There is a good (and complicated) explanation of all of the California/Gold Rush-era Mormon colonies and settlements in John G. Turner's bio: BRIGHAM YOUNG: Pioneer Prophet (which I highly recommend to anyone interested), pp. 179-182.

Re: the Mormon California settlement in San Bernardino (p. 181):

"In 1851 Young sent colonizers to southern California to establish a settlement near Cajon Pass, resulting in he city of San Bernardino. ... Young hoped that Mormon vineyards in California could fully supply the church's need for olive oil, wine, and raisins."

[My comment: "...the church's NEED for ...WINE???"] [Emphasis added, needless to say. ;-) ]

Continuing the same quote:

"Young called thirty men to settle at the Las Vegas Springs, which became an Indian mission and an important way station on the route to San Bernardino." ;-)

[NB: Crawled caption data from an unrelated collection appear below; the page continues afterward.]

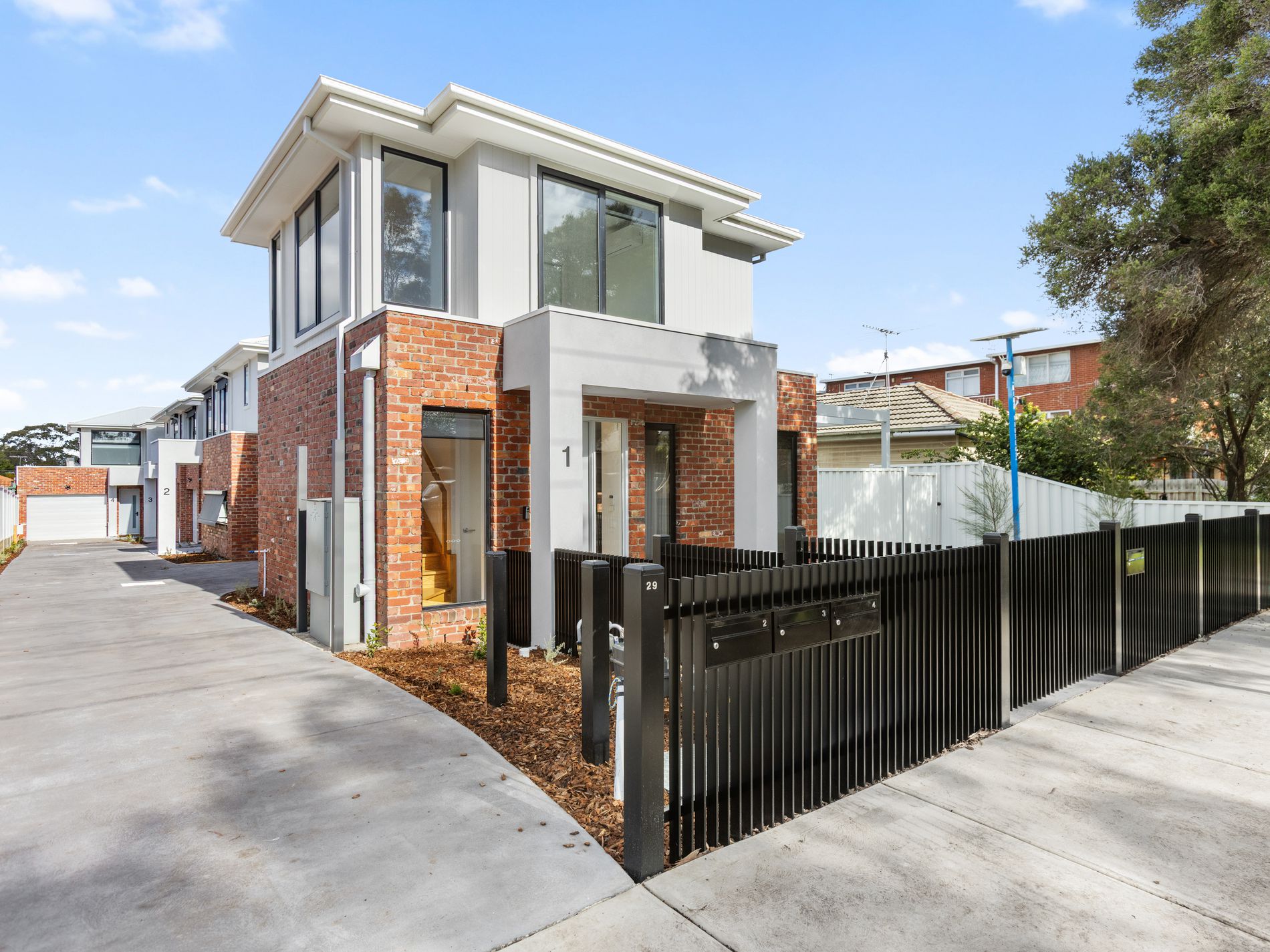 1 / 29 Hampton Parade, West Footscray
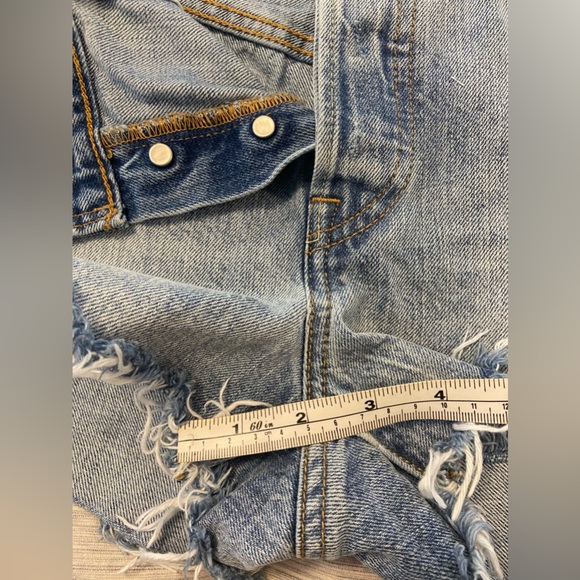 Levi’s 501 jean shorts - Picture 7 of 7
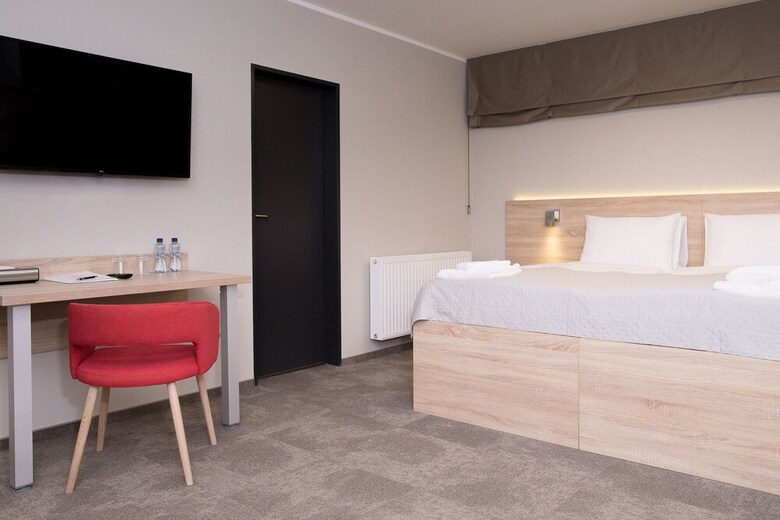 Hotel Restart ****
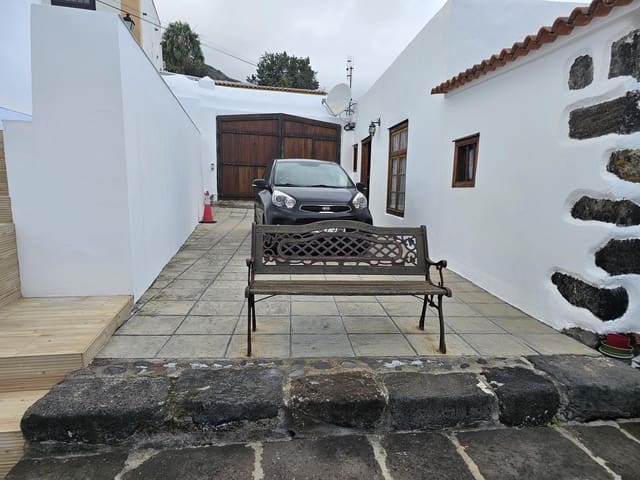 6 soverom Villa til salgs i Icod de los Vinos med svømmebasseng - € 685 000 (Ref: 9128928)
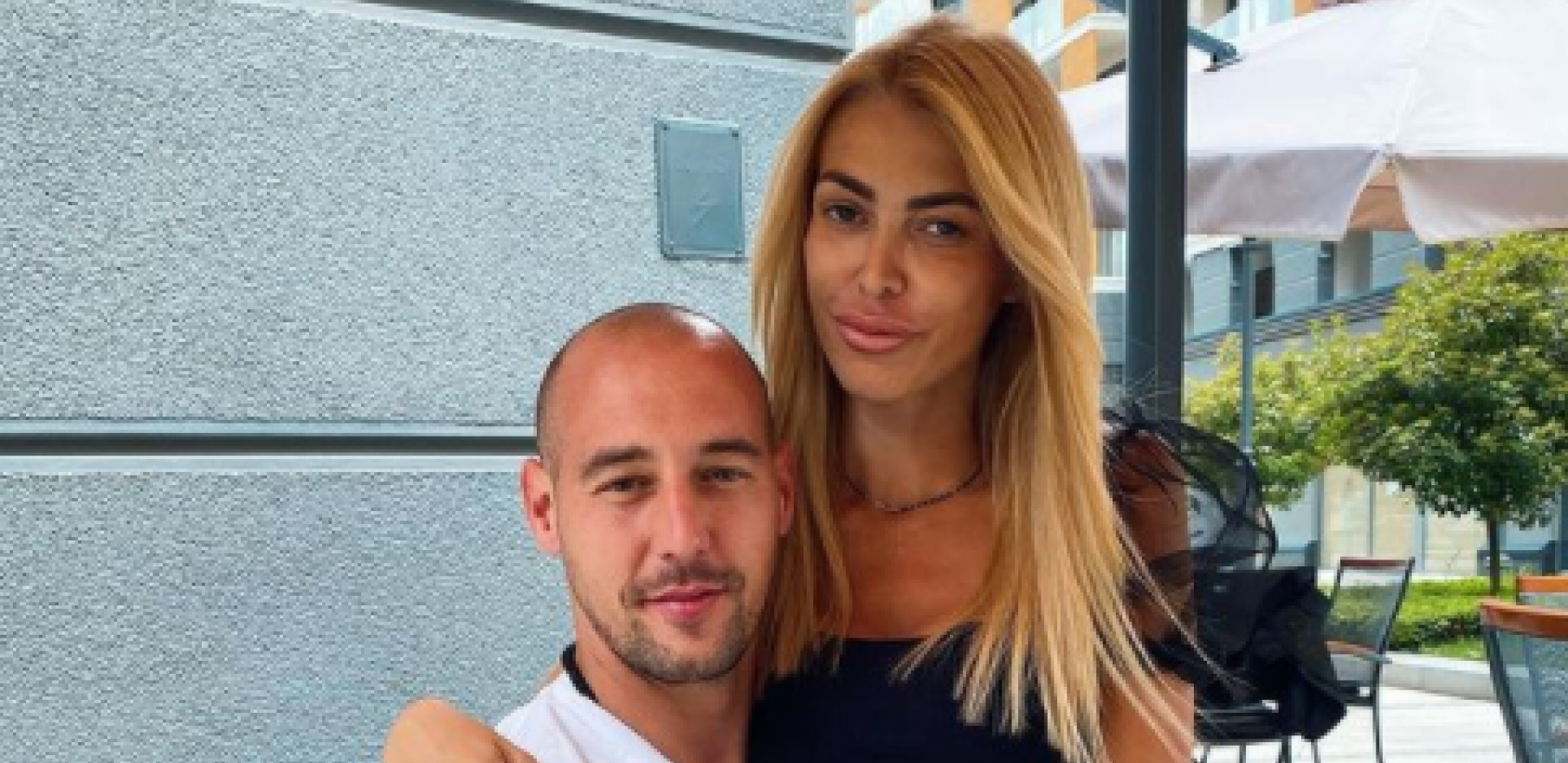 BORJANOVA SUPRUGA PONOVO IZAZIVA Snežana pokazala zanosni dekolte i raspametila muškarce (VIDEO)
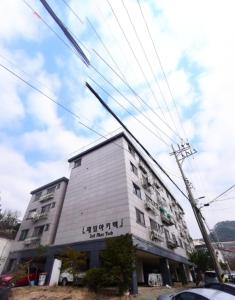 3 bedroom apartments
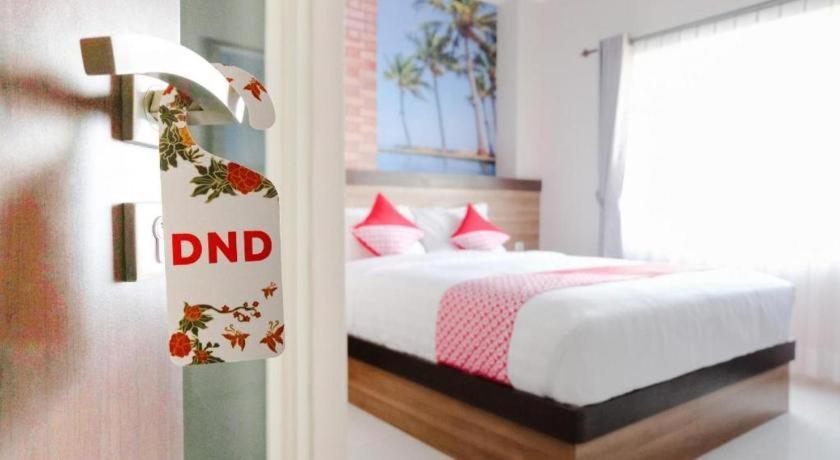 Noura Guest House Syariah Malang Exterior foto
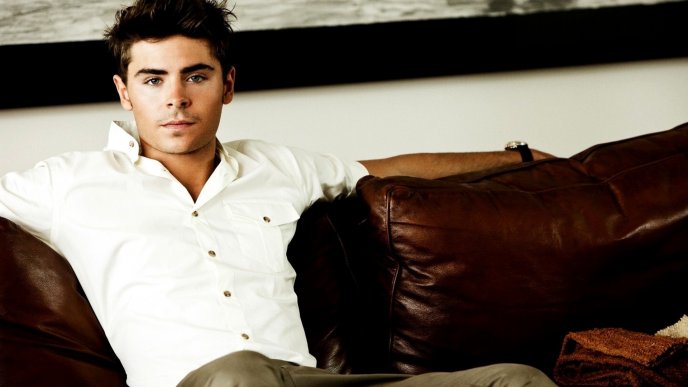 American actor Zac Efron with white shirt
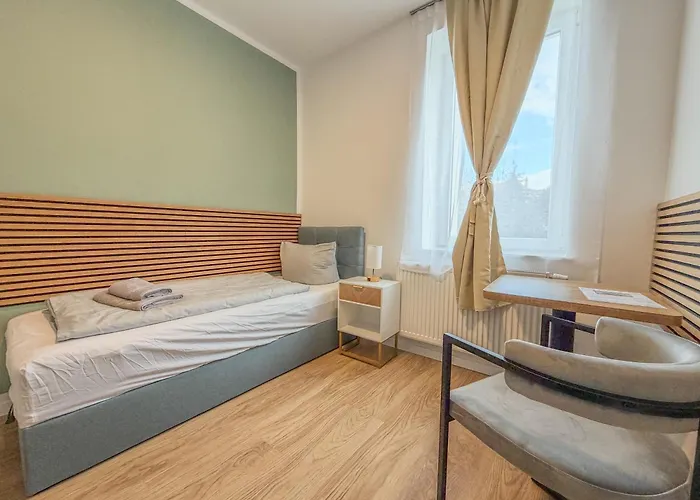 Geba Bed & Single Rooms-15 Min To Station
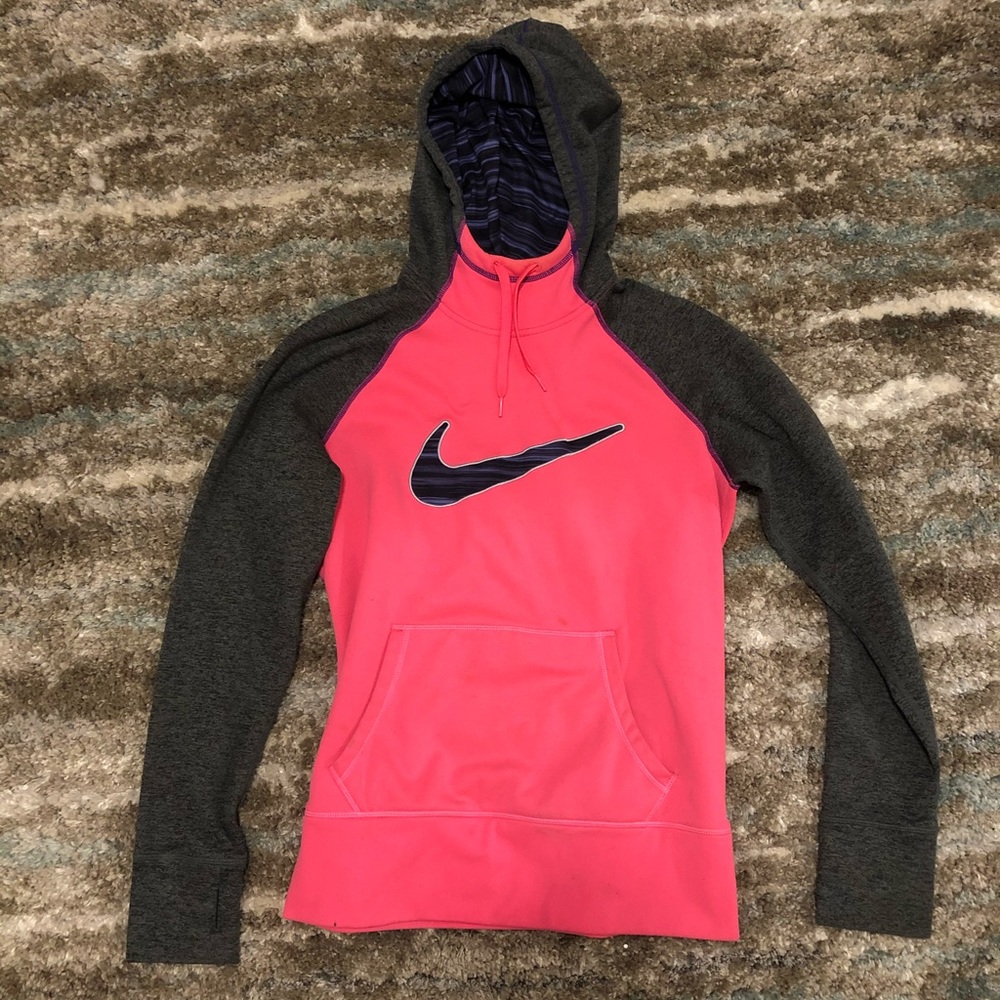 Women’s Nike Sweatshirt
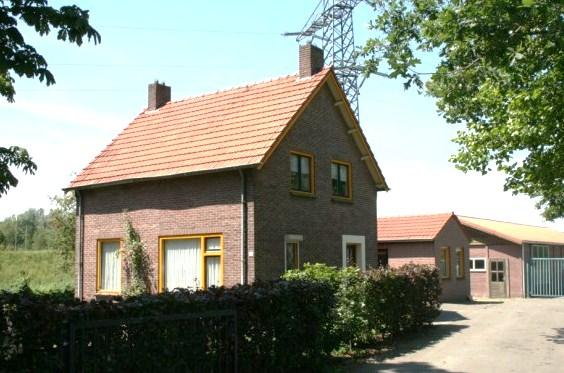 Zwanebloemsingel 51 te Helmond Op een landelijke locatie aan de rand van Dierdonk gelegen karakteristiek vrijstaand woonhuis met een vrijstaand bijgebouw voorzien van een werkplaats en stalruimte en
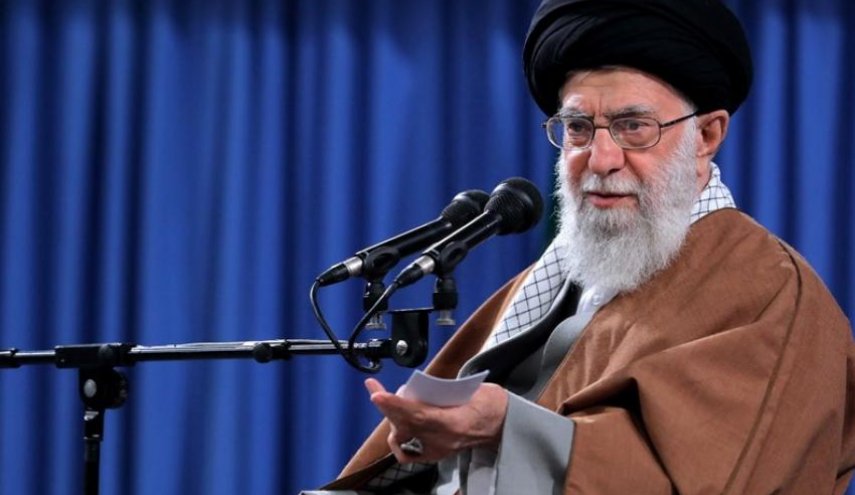 قائد الثورة : طبيعة الاستكبار العالمي تعارض النظام الإسلامي في إيران
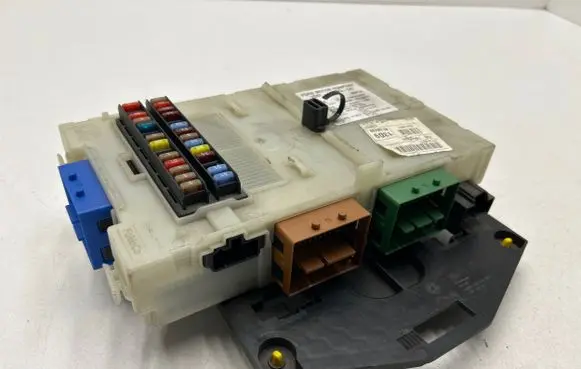 Ford Galaxy Fuse module 7G9T14A073DD LTQF01125TP 3659AF01125TP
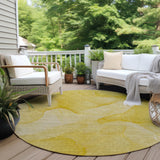 Homeroots 8' Round Gold Abstract Washable Non Skid Indoor Outdoor Area Rug Gold Polyester 559862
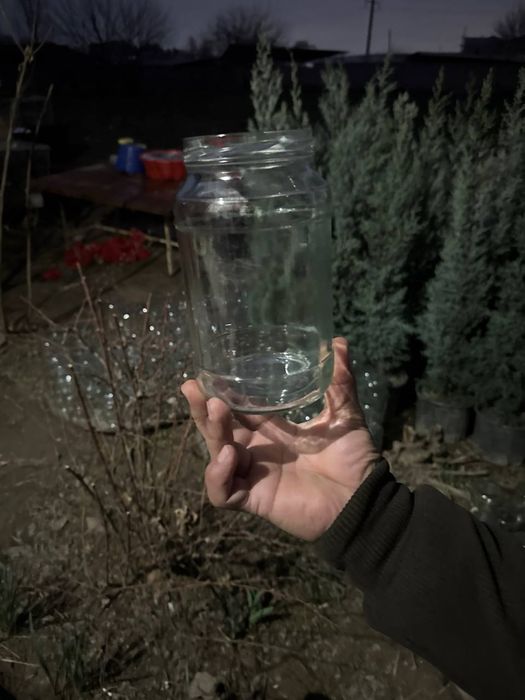 Банки продаже имеются банки объёмом 3, 2, 1 литр, а также 07, 05 литр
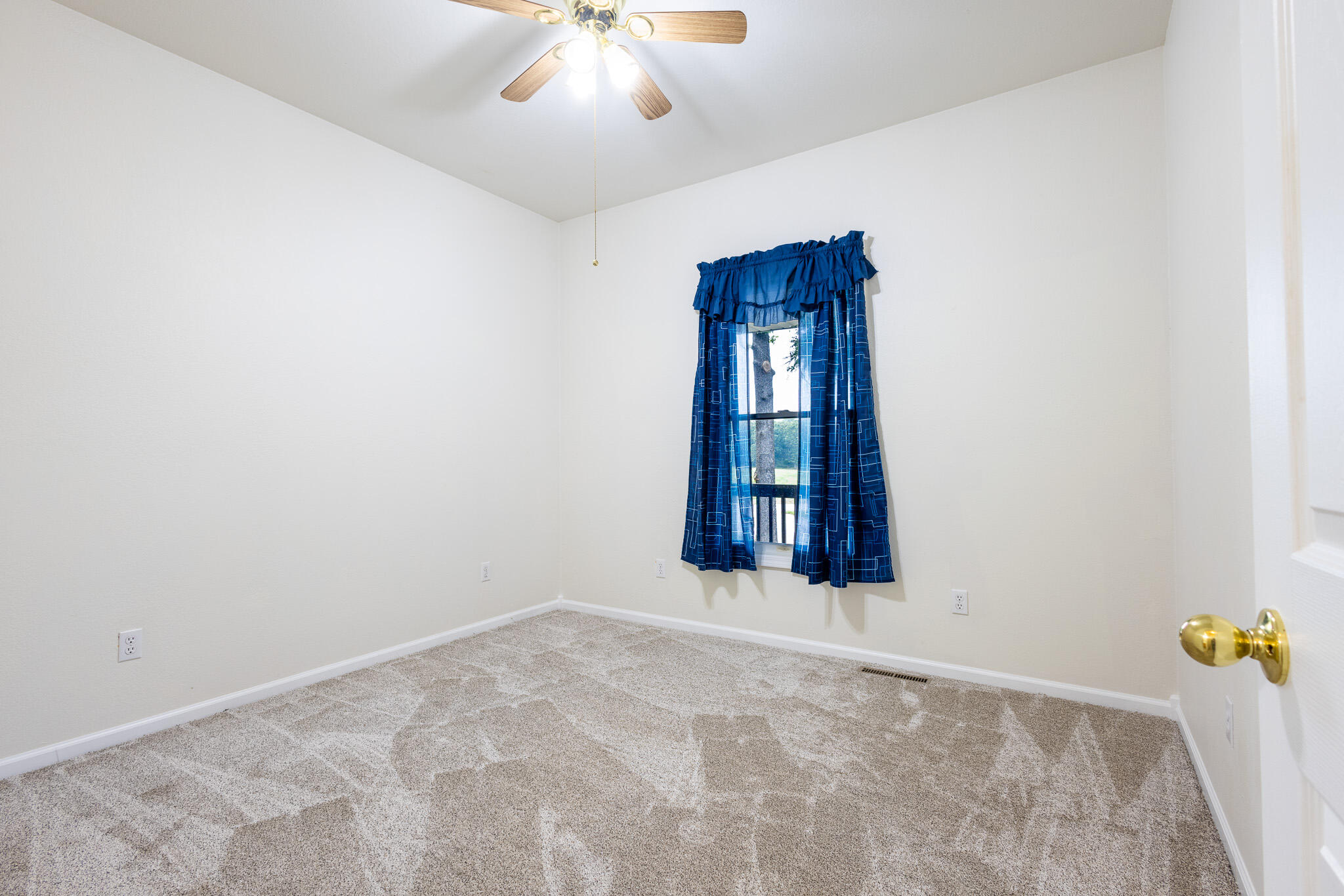 23024 Lawrence 1200 Property Photo 46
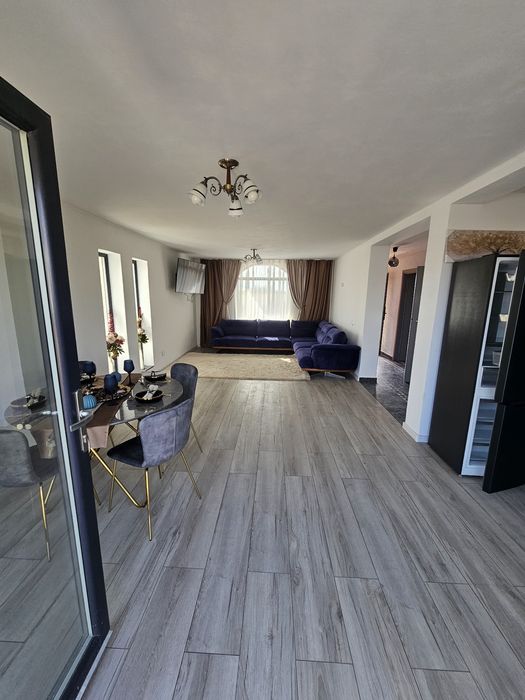 Casa Lux Metro/Carcea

"By the mid-1850s, the Mormons under Young's leadership had audaciously laid claim to a thousand-mile corridor of colonies and forts within the American West."

There is a discussion of Young's fondness for California gold, and how he got as much of it was possible (whether from Mormons or non-Mormons) under his control, and how this fueled his desire to be independent of U.S. monetary control.

There were complicated geographical and financial Mormon goings-on back then, all very closely supervised by Brigham Young, and they stretched over a gigantic distance, from what we would now call the general "Utah" area to the Pacific Ocean, and they included "a thousand mile corridor of [Mormon] colonies and forts within the American West" (p. 181, Turner's BY biography).

But the amusing part is: one of the major reasons for establishing San Bernardino (and Las Vegas!), was to fulfill the Mormon "need" for WINE.



Edited 4 time(s). Last edit at 12/31/2013 02:06PM by tevai.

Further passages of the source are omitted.